An idea I’ve flirted with doing recently is basically a re-review of some of the films on this blog that have admittedly shorter entries, mostly so because it was early in the blog’s existence, and I was still unable to cohesively explain what it was about the films I loved that I loved about them so much. There were two main reasons I didn’t: it would have conflicted with one of the major conditions that I had established when I decided to start this blog; that I wouldn’t need to feel pressured to meet some pre-determined or expected word limit or size post, and that I would just put down what came to my mind when I watched (or re-watched) the film, and let that stand for itself. The other reason was if I started re-reviewing some of the films, then at what point would doing so end; my blog posts may just end up getting bigger, and then I’d have to re-review some films that didn’t end up as short as others, and it would be a never-ending cycle, and my quest would never have a definitive conclusion. Well, a rare opportunity has come to pass with the new edition; one of the films I’d already reviewed has been expanded to include all three currently-released films in the series. Now, when I heard that the Toy Story trilogy was one of the new entries, I immediately found the decision questionable, as I’ll get to in the closer, but you know what; if they had added Toy Story 2 and 3 as individual entries, I probably wouldn’t have complained. This trilogy is probably the closest to perfection that any series of three films has ever gotten.

If you haven’t seen these, and/or otherwise don’t know what the plots are, sorry, but I’m not going to be the one to spoil them for you, even slightly. They deal with a cast of toys who walk and talk like any of us, albeit they keep this knowledge hidden from their child owners, and that’s about it for a general cover-all plot summary of the trilogy. Each film has a distinct plotline from the others, and in the best aspect of the trilogy, each film expands on the last and, dare I say it, improves on the previous film in damn near every way. Some particulars; the second introduces a new toy named Jessie, who soliloquies one of the most heart-breaking flashbacks in any film ever done, aided by a lovely melody called “When She Loved Me” by Sarah McLachlan. Not to be outdone by themselves, Pixar upped the ante in the third, of which the last ten minutes or so are now widely known to bring a tear to even the most hardened man’s eye. Another big part of all three films was the music by Randy Newman, who arguably found his career revitalized by the original, and continuing with the next two, the last of which would finally win him an Academy Award for Original Song. The animation quality increases with each film, but unlike other films that deal majorly in computer graphics, it’s not about the animation; it’s about the story, and you’d be extremely hard-pressed to find a trilogy of films with a better story for each installment. The second Toy Story is now ubiquitous with the concept of a sequel being better than the original, and the third somehow even manages to be better than that, so to merely give the second and third 10s when I gave the original a 10 seems to be a bit of a under-appreciative misnomer, but I don’t have a rating higher than 10 (which is the point of a 1-10 rating scale).
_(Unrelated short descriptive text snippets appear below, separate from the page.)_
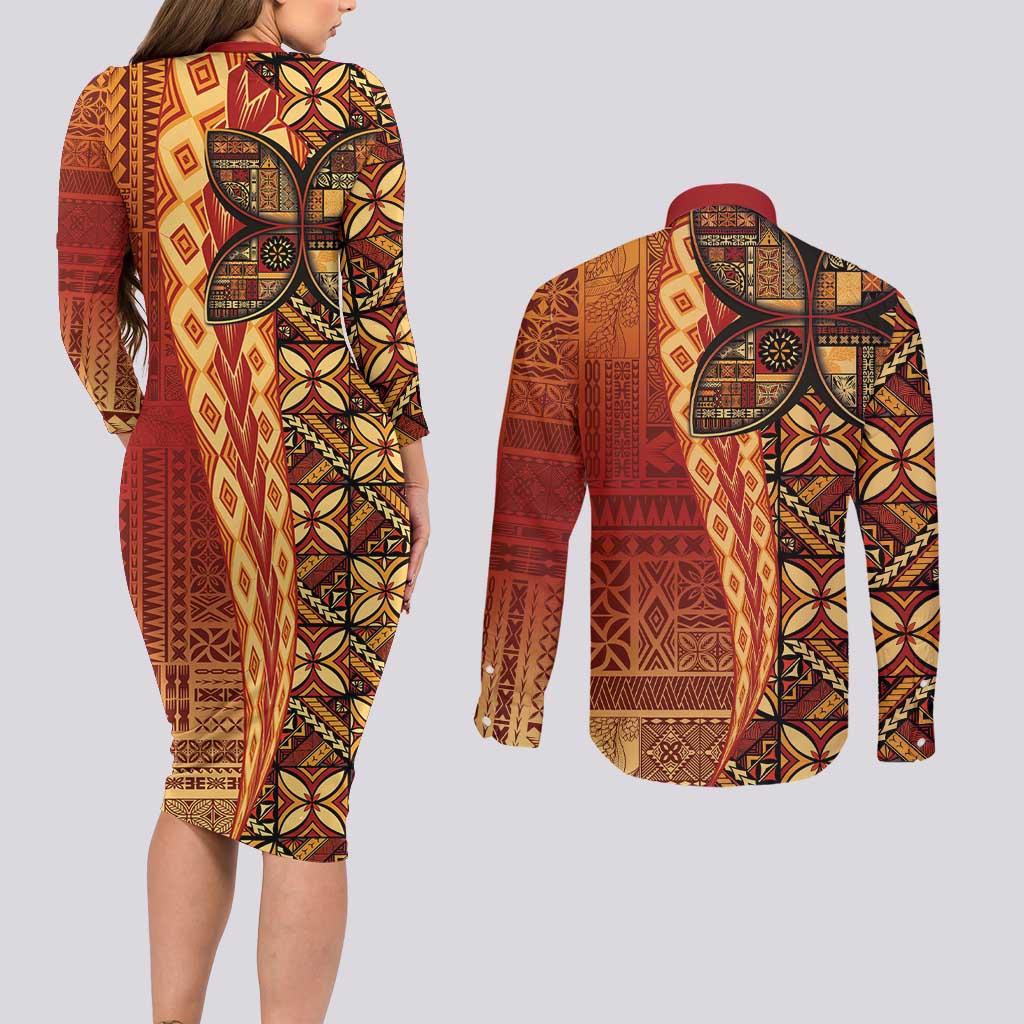 Samoan Pacific Tribal Flower Geometric Art Tattoos Couples Matching Long Sleeve Bodycon Dress and Long Sleeve Button Shirt Siapo Pattern Flame Sunset LT03 - Polynesian Pride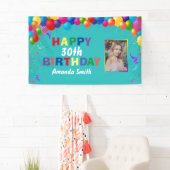 Happy 30th Birthday Colorful Balloons Blauwgroen Spandoek (Insitu)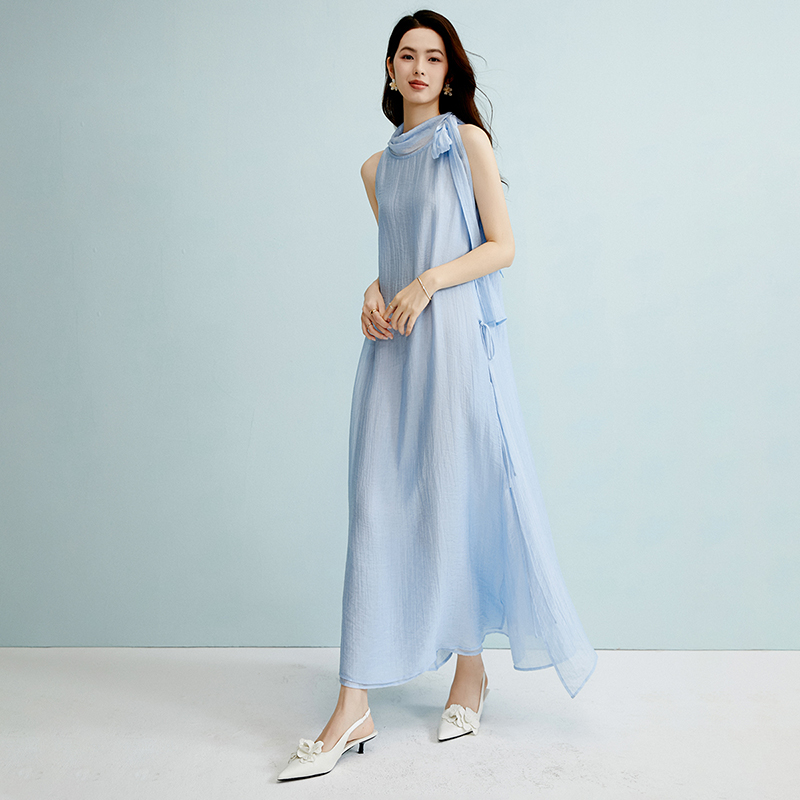 【断码清仓】2025裙子无袖天丝巨好看的连衣裙25042107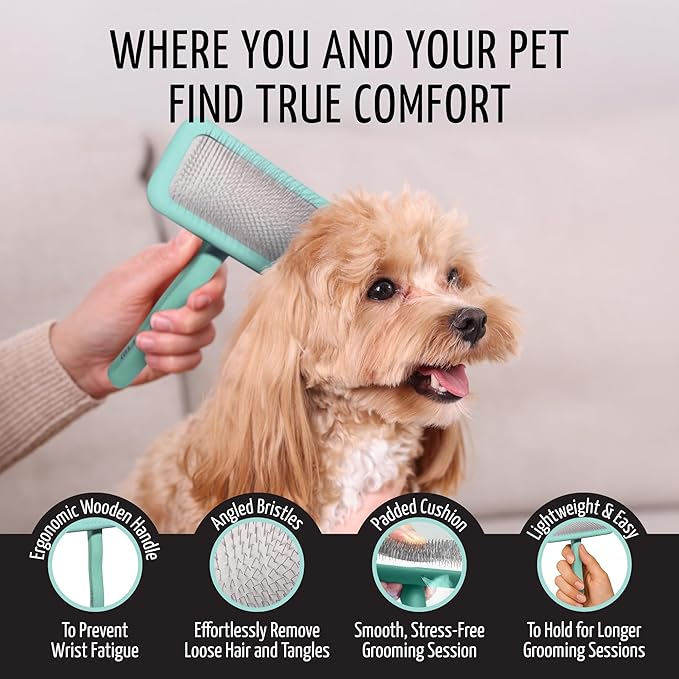 Tauro Pro Line Wooden Deshedding Dog Brush for Long Goldendoodle, Labradoodle & Poodle Hair - Mint Slicker Brush for Dog & Cat Grooming - Rectangular Flexible Cushion & Non-Slip Grip, L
Needless to say, though, thanks to Pixar’s utter devotion to putting the quality of the story first (something that Dreamworks still has yet to fully understand), each film comes ever closer to achieving that rare status of the perfect film.

Now, with all that said, I still don’t agree with adding the additional films to the list; at least, as a single entry. These are not three parts to a single story, like Lord of the Rings; these are three separate and distinct films, and to have a single entry for all three just to keep that arbitrary number of 1,001 seems to just be a lie in my opinion, a fake-out so the editors can have their cake and eat it too. Especially so when you consider that the Star Wars trilogy still takes up individual slots, and if you really want to stretch it, you could also name the Apu trilogy also. But, it’s a little too late now to throw around loopholes and definitions. Like I said in the opener, I wouldn’t have minded at all if these three films had been added as individual entries; practically any Pixar film you could name is probably deserving of being on the list in some way. Add to that that the first and second Toy Storys have a 100% on Rotten Tomatoes (with the third having a mere 99%, largely thanks to one cold-hearted bastard), with the second actually having the most positive reviews to its 100%, making it the number one film on the entire site, and it’s a little befuddling how they weren’t on the list to begin with. If, for whatever reason you may have, you have not seen these three films, you need to do so as soon as possible. A very large part of your childhood will thank you for it.